Huddersfield Town's 1993–94 campaign was Town's last season playing at their Leeds Road stadium, before moving to the Alfred McAlpine Stadium. Neil Warnock became the Town boss following Ian Ross' resignation. Town finished in 11th place, but a good run in the League Trophy saw Town reach a final at Wembley final for the first time since the 1938 FA Cup Final. Town did lose 3–1 on penalties to Swansea City.

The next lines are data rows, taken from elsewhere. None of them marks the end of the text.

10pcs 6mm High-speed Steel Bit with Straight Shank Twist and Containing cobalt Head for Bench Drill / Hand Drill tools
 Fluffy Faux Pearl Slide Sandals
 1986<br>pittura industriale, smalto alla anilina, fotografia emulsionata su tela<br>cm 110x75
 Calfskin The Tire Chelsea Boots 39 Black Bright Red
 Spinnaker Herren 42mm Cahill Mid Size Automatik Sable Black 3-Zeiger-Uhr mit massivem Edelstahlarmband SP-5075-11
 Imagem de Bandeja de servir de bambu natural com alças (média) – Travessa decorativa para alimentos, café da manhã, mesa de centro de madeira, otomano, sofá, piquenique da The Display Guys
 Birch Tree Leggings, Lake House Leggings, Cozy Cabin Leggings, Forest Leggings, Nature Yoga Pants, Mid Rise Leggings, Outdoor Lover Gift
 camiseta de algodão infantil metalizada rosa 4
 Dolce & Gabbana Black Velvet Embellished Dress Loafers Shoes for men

==Squad at the start of the season==

| No. | Pos. | Nation | Player |
|---|---|---|---|
| -- | GK | ENG | Kevin Blackwell |
| -- | GK | ENG | Steve Francis |
| -- | DF | ENG | Jon Dyson |
| -- | DF | ENG | Peter Jackson |
| -- | DF | ENG | Graham Mitchell |
| -- | DF | ENG | Simon Trevitt |
| -- | MF | ENG | Gary Barnett |
| -- | MF | ENG | Chris Billy |

| No. | Pos. | Nation | Player |
|---|---|---|---|
| -- | MF | ENG | Chris Marsden |
| -- | MF | ENG | Phil Robinson |
| -- | MF | ENG | Mark Wells |
| -- | FW | ENG | Andy Booth |
| -- | FW | ENG | Iain Dunn |
| -- | FW | SCO | Iffy Onuora |
| -- | FW | WAL | Iwan Roberts |
| -- | FW | ENG | Phil Starbuck |

==Review==
Neil Warnock's first game in charge saw Town lose 3–0 at home against Reading, which was the start of a particularly bad opening spell of the season, which saw only one win in the first 8 games. After that period was a second round League Cup match against Premier League side Arsenal. They lost the first leg 5–0 at Leeds Road, but amazingly they drew 1–1 at Highbury Stadium to lose 6–1 on aggregate.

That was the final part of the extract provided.